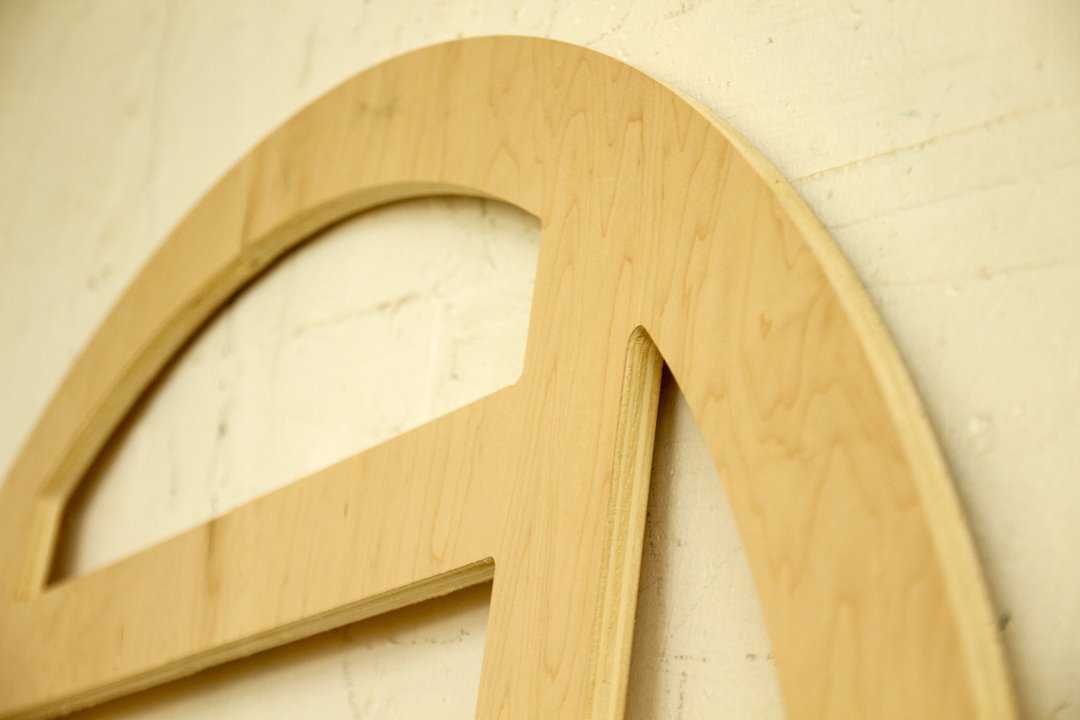Close-up of a wooden letter 'e' mounted on a light-colored wall.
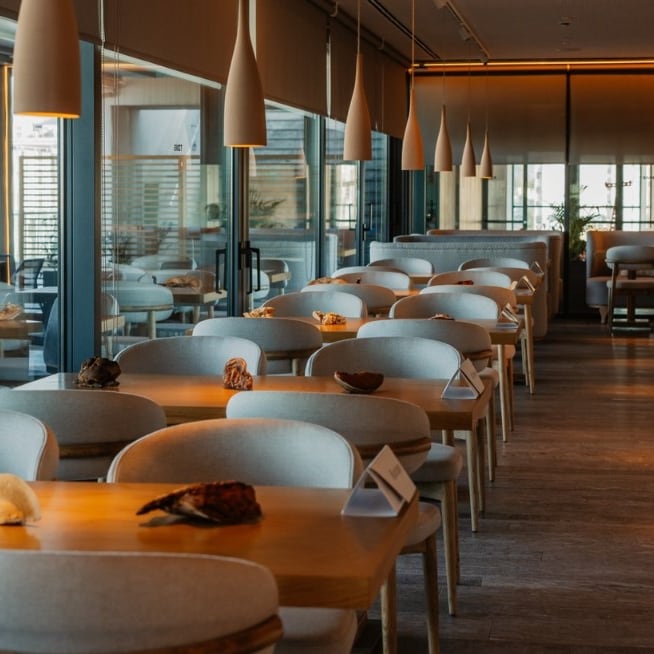The Nyn Esti dining room: slender pendants in a line over rows of timber tables, a warm line of light along the ceiling.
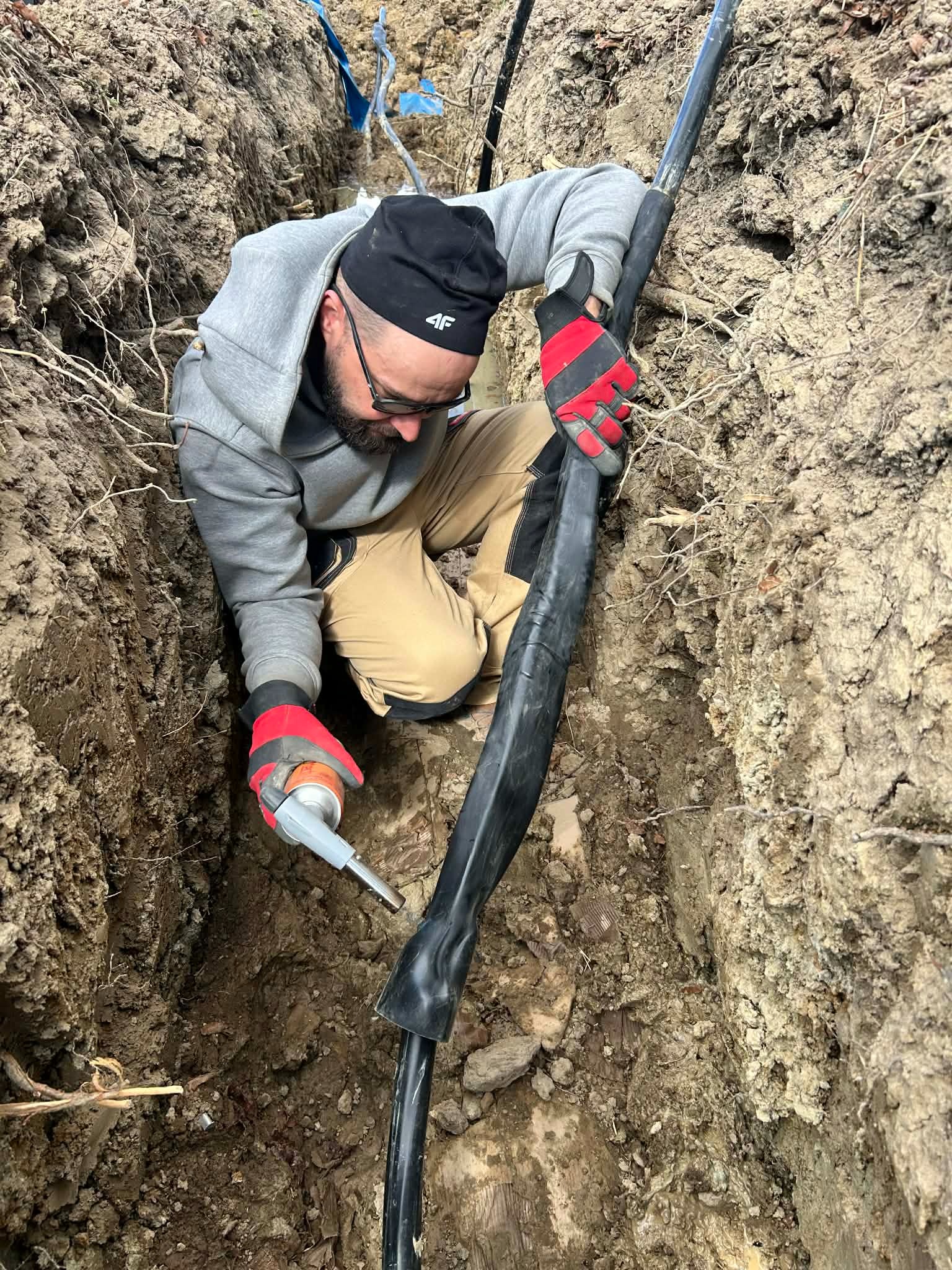 Elektryk w wykopie łączy kabel wysokiego napięcia za pomocą specjalistycznego pistoletu. Praca w trudnych warunkach gruntowych, widoczne warstwy ziemi.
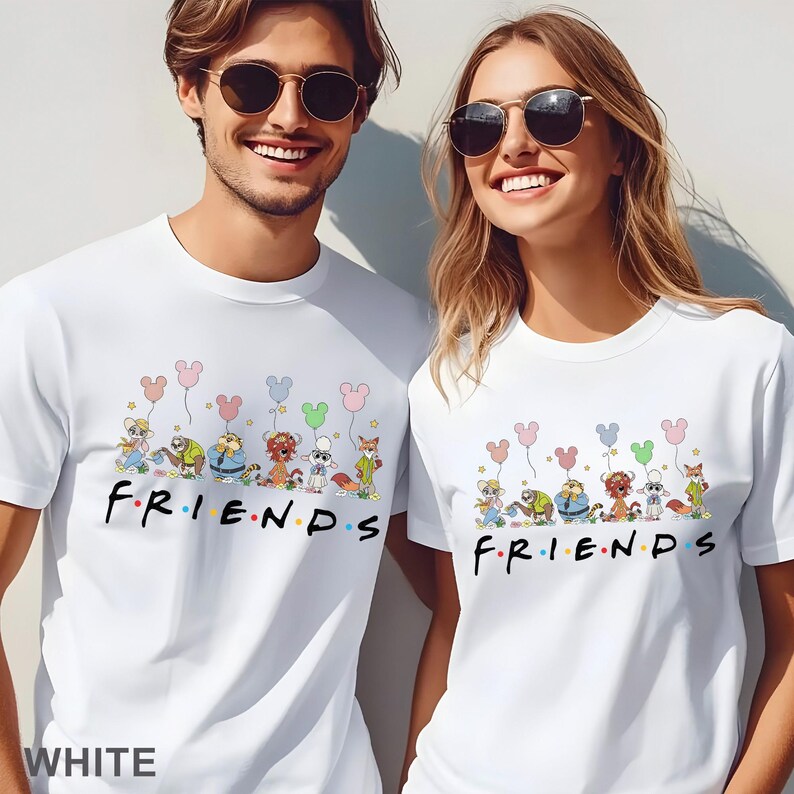 May include: White t-shirts featuring the word "FRIENDS" in a colorful font, with cartoon characters and Mickey Mouse-shaped balloons. The shirts are worn by two people. The word "WHITE" is at the bottom of the image.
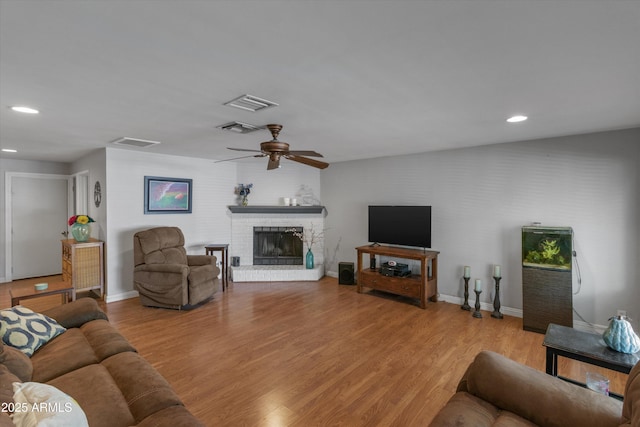 living area featuring baseboards, a ceiling fan, visible vents, and light wood-style flooring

——

#### WHAT THIS TASK INVOLVES
Copy the data verbatim, skipping any image it holds.

#### SOLUTION TO THIS PROBLEM
Close-up of a wooden letter 'e' mounted on a light-colored wall.
The Nyn Esti dining room: slender pendants in a line over rows of timber tables, a warm line of light along the ceiling.
 Elektryk w wykopie łączy kabel wysokiego napięcia za pomocą specjalistycznego pistoletu. Praca w trudnych warunkach gruntowych, widoczne warstwy ziemi.
 May include: White t-shirts featuring the word "FRIENDS" in a colorful font, with cartoon characters and Mickey Mouse-shaped balloons. The shirts are worn by two people. The word "WHITE" is at the bottom of the image.
 living area featuring baseboards, a ceiling fan, visible vents, and light wood-style flooring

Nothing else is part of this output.